As an alternative to a global search path such as the
following layout:
\begin{minted}{text}
INTERP /lib/ld-linux.so.6
NEEDED Shared library: [libc.so.6]
RUNPATH -
\end{minted}
The following layout for an ELF file can be constructed:
\begin{minted}{text}
INTERP /miq/store/libc-hashAAA/lib/ld-linux.so.6
NEEDED Shared library: [libc.so.6]
RUNPATH Library runpath: [/miq/store/libc-hashAAA/lib]
\end{minted}
With a modification of the ELF file metadata, then it is
possible to have a file load exactly the dependencies that
are computed at build time, to support the deployment model
discussed previously. The following chapter describes how
this modification of the ELF metadata is performed.
\FloatBarrier
\section{Other file types}
Not every file in a Linux system is a binary (ELF) file
however. A common Linux system is composed of many ``glue''
shell scripts, or any other text-based file. These files,
also perform the same ``dependency resolving'' that is done
in an ELF, but in a different way. For example, a shell
script that contains the following content:
\begin{minted}{sh}
#!/bin/sh
for file in /srv/backup/*; do
cp $file /srv/backup2/
chmod 600 /srv/backup2/$file
done
\end{minted}
A shell script like this also performs another type of
dependency resolution at run-time: loading any existing
program from |PATH|. In this case, both the |cp| and |chmod|
programs are external to the script, and also implicitly
dependencies of itself. For a toy script, it is easy to
underestimate this type of dependency resolution (as |cp|
and |chmod| are included in every Linux distribution), but
as scripts grow bigger, with more and more dependencies, it
becomes hard to keep track of every package.

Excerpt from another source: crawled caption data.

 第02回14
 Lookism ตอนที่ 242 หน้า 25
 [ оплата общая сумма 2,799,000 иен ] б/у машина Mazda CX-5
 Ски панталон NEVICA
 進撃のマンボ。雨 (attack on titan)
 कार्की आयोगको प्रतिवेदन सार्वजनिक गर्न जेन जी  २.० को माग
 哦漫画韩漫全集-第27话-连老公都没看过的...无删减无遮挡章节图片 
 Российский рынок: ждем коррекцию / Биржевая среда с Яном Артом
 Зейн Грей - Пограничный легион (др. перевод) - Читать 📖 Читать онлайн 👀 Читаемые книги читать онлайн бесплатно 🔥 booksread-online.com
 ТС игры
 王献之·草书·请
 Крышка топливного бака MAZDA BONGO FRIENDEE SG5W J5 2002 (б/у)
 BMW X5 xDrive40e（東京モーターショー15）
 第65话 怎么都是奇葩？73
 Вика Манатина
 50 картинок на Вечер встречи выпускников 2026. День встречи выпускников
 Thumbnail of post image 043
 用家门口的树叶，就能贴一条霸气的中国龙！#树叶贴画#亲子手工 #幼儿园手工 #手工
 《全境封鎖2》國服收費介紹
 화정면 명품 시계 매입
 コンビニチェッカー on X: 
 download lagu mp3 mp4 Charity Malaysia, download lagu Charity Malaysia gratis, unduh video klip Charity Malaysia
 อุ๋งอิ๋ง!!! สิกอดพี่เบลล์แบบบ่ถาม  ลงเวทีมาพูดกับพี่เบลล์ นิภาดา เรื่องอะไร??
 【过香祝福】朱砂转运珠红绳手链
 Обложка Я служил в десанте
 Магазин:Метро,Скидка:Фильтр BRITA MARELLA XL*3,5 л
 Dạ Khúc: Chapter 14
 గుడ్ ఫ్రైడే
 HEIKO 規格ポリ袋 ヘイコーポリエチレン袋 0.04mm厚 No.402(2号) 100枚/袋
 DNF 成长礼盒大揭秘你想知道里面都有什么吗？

The first line contains the |#!| sequence, which is called a
``shebang''. Analogous to the ELF format and |ld-linux|, the
shebang instruct Linux to load the program in this path, and
pass the rest of the file into it for execution. In turn
``sh'', interprets the rest of the file as a shell script,
and when faced with the |cp| and |chmod| commands, it reads
the environment variable |PATH|. This is also analogous to
the |RUNPATH| section of a ELF file, but contains
directories with executables:
\begin{minted}[breaklines]{text}
$ printenv PATH | tr ':' '\n'
/usr/local/sbin
/usr/local/bin
/usr/sbin
/usr/bin
/sbin
/bin
/usr/games
/usr/local/games
/usr/lib/wsl/lib
/snap/bin
\end{minted}
These folders are scanned sequentially, until the first
match is found -- that is |/usr/local/sbin/cp|, |/usr/local/bin/cp|, etc.
To avoid this kind of ``implicit'' dependency resolution,
one could also try to use the same technique used for ELF,
namely changing the |RUNPATH|. Unfortunately, this is not
possible, as scripts don't contain any extra ``metadata''
attached to them. A different solution is to construct a
shell script that contains full paths into the required
programs, and their full hashed paths in the store:
\begin{minted}{sh}
#!/miq/store/sh-version-hashAAA/bin/sh
for file in /srv/backup/*; do
/miq/store/coreutils-version-hashAAA/bin/cp $file /srv/backup2/
/miq/store/coreutils-version-hashAAA/bin/chmod 600 /srv/backup2/$file
done
\end{minted}
Doing these modifications is not as seamless as tweaking some
compile and link flags for an ELF file, and an automation
tool would be required to resolve the implicit dependencies
of a shell script.
The list of language-specific tweaks would continue -- for
example |PYTHONPATH| for Python packages -- but for the sake
of simplicity, only shell scripts and binary ELF files are
considered in this project. Usually each language ecosystem
has each own method of dependency resolution that can be
overridden to not use a ``global'' search path.